How to make the holidays safe for teen drivers
Tis the season to be merry and bright! However, for teen drivers, the holidays can be especially dangerous. That’s because they often have too much free time on their hands and too little driving experience. Coupled with holiday revelers on the road, it’s a recipe for a potential disaster.
Parents always worry about their new and inexperienced teen drivers. However, they tend to worry even more during dangerous times on the road – like the holiday season when kids are out of school and driving more often. Statistics prove that caring parents have a good reason to be concerned. According to National Highway Traffic Safety Administration, driving fatalities rise dramatically during the busy holiday travel period. An average of 45 daily fatalities involving an alcohol-impaired driver occur over the holidays and soar to 54 per day during New Year’s Eve. Teen drivers have to deal with not only making their own wise decisions, but also the consequences of other drivers that may make poor ones.
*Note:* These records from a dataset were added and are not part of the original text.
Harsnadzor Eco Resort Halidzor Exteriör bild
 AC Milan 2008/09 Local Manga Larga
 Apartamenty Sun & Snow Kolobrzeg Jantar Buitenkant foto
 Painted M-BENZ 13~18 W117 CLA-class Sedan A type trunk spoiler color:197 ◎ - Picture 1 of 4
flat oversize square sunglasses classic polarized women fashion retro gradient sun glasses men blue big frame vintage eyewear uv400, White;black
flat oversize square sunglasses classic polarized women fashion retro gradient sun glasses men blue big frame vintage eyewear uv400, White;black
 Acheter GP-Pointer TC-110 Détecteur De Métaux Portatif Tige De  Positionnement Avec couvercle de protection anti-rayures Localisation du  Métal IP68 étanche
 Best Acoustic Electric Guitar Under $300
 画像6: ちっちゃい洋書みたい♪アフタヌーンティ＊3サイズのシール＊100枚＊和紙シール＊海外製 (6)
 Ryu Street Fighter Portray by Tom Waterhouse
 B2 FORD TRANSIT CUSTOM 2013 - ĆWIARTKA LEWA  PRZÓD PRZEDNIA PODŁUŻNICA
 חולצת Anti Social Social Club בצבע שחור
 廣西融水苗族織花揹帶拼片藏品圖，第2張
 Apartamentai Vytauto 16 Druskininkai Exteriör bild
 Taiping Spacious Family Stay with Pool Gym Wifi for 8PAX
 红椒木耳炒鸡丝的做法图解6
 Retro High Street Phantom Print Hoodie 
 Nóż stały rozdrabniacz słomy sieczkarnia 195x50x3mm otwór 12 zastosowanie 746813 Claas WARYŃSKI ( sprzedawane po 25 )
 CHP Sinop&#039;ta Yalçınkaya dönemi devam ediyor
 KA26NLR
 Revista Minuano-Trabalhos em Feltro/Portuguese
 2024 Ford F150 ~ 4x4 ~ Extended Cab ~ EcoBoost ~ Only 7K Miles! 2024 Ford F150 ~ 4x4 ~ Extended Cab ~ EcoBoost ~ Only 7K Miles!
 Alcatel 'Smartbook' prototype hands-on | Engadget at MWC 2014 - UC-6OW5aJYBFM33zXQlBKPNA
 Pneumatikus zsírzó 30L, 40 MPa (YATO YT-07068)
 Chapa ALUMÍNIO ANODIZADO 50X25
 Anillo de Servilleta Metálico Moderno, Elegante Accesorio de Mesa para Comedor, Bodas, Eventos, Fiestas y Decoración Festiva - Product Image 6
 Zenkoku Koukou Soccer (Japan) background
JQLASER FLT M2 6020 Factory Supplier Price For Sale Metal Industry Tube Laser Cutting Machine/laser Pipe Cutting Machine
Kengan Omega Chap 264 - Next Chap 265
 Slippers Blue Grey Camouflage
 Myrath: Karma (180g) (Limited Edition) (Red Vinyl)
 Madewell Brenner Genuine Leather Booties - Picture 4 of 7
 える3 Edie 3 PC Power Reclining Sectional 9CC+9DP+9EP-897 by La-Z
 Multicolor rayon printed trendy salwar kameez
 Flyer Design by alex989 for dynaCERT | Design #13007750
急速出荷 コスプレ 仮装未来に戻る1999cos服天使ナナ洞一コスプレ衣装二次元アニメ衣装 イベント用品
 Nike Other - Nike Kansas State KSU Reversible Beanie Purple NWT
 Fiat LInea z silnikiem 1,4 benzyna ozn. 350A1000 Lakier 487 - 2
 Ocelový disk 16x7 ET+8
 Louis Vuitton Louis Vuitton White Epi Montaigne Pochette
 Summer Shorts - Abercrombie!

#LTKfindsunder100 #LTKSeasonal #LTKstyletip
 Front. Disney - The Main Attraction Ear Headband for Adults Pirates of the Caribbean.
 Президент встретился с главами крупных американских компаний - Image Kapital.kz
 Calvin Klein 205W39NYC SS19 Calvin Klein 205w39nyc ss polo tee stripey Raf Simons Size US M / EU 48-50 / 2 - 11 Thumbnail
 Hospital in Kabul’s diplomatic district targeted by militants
So, what’s a concerned parent to do? Should we ban driving altogether? Should we hide our teen’s keys and pretend to go on an all out search? Don’t be THAT parent. Instead, talk to your teen driver about the dangers that the holidays present on the roads. It’s the perfect time to set boundaries. “It’s important for parents to set rules and stick with them, especially over the holidays,” states Kirk Bressette, General Manager of Drive Smart Georgia.
A good starting point is introducing a Teen Driver Contract, like one by AAA. Before signing it, discuss that unsupervised driving is a privilege that comes with a set of rules and regulations. It’s important to address issues like nighttime driving and the number of passengers allowed in the car. Setting up driving rules and consequences not only drives safety home, but a signed contract can also add to your own peace of mind.
Below are some examples of safety rules for new teen drivers:
- Check in with a parent every time you drive.
- Do not take unnecessary risks while driving.
- Obey all traffic laws, signs and speed limits.
Examples of violations and consequences include:
- Speeding ticket – Lose driving privileges for two months.
- Using cell phone while driving – Lose driving privileges for two weeks.
- Didn’t make all passengers wear seat belts – Lose privileges for one month.
- Lied about where going with car – Lose driving privileges for one month.
- Coming home late without calling – Lose driving privileges for two weeks.
- Too many passengers in the car – Lose driving privileges for one month.
- Used alcohol or drugs before driving – Lose driving privileges for three months.
The violations and consequences are entirely up to you. It’s important to get buy-in from your new driver. This can go a long way to ensure a safe, stress-free holiday season for new teen drivers and their concerned parents – LIKE YOU!